OUTLAW CRITIC IS FIRST TO ADMIT, “I ACTUALLY THOUGHT A.I. WAS PRETTY FUCKIN GOOD”
SEATTLE, WA– Online film writer and cult hero Vern admitted earlier today that he thought Steven Spielberg’s artificial intelligence drama A.I. was “pretty fucking good, though.” This makes the ex-con and recovering alcoholic the first person he knows to admit liking the movie since its release two weeks ago.
“A lot of motherfuckers said it was too sentimental,” Vern wrote on his mildly popular film “web sight”. “But it’s about a robot who wants his mommy, what else is it gonna be like, asshole [punctuation his].”
Vern responded to pathetic accusations of studio bribery by saying that he wishes it were true, because then he could afford to buy the new dvd box set of Bruce Willis’s Die Hard trilogy.
a. introduction & apologies
First of all I would like to apologize for being gone for so long. Second of all I would like to apologize for coming back and not reviewing the films of Badass Cinema, but instead some Stevie Spielberg picture about a baby robot. And thirdly I will not apologize just because you motherfuckers are wrong.
And fourthly you boys who haven’t seen the movie PLEASE stop reading this now, I don’t want to give anything away. Come on go read some other garbage please thank you.
b. vern goes against the grain on this one
Now don’t get me wrong this is a flawed piece. I’m not saying it’s as good as Kubrick’s pre-humous films.
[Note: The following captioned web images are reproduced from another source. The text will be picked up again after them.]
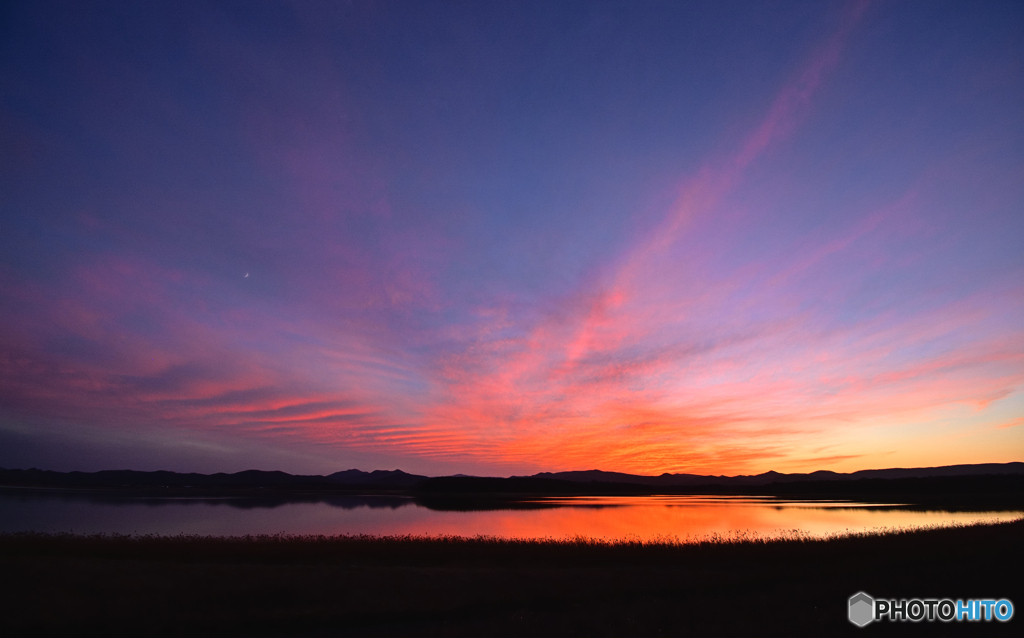 月のある夕焼け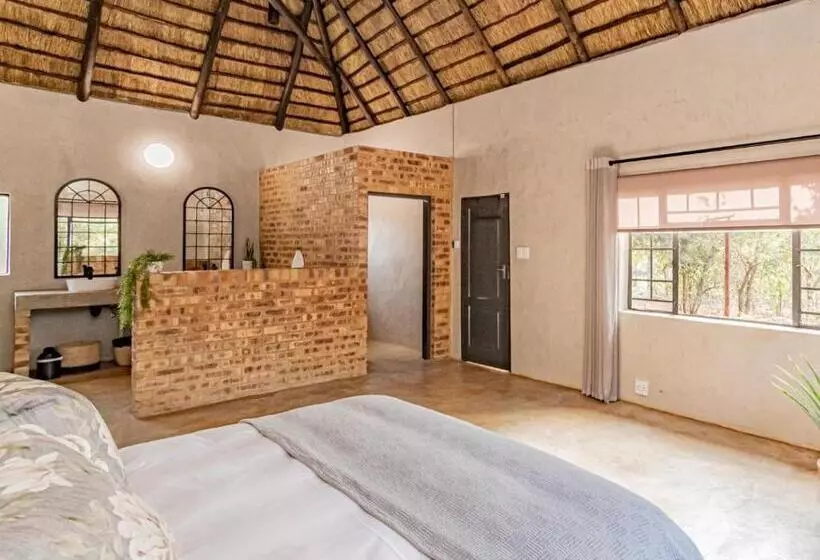 Majatalo Featherwood Farm & Nyala Lodge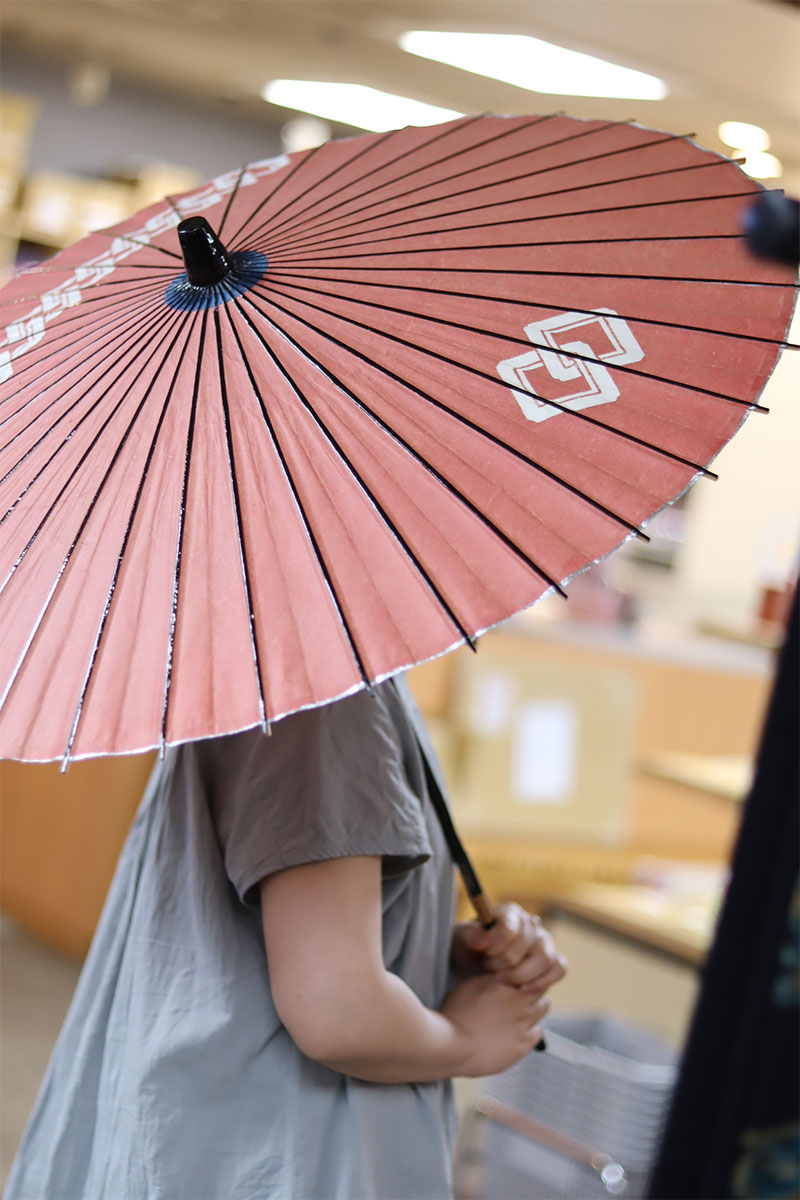 フォトブースには和傘などの小物も。商品を購入してもらうだけではなく、伝統工芸品に気軽に触れてもらえるきっかけにもなっている。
I mean all that nonsense about the rock concert and robo Chris Rock didn’t work and maybe the whole Pinocchio of the future angle coulda been done a little more subtle-like. But the whole section about David living with the family, and the zombie robots cannibalizing the garbage pile, and David’s discovery of the other Davids, and jumping into the water, and ESPECIALLY (I’m on some Galileo shit with this one because NOBODY agrees with me here) the 2000 years later epilogue, now THAT was some good shit as far as little boy robot movies go.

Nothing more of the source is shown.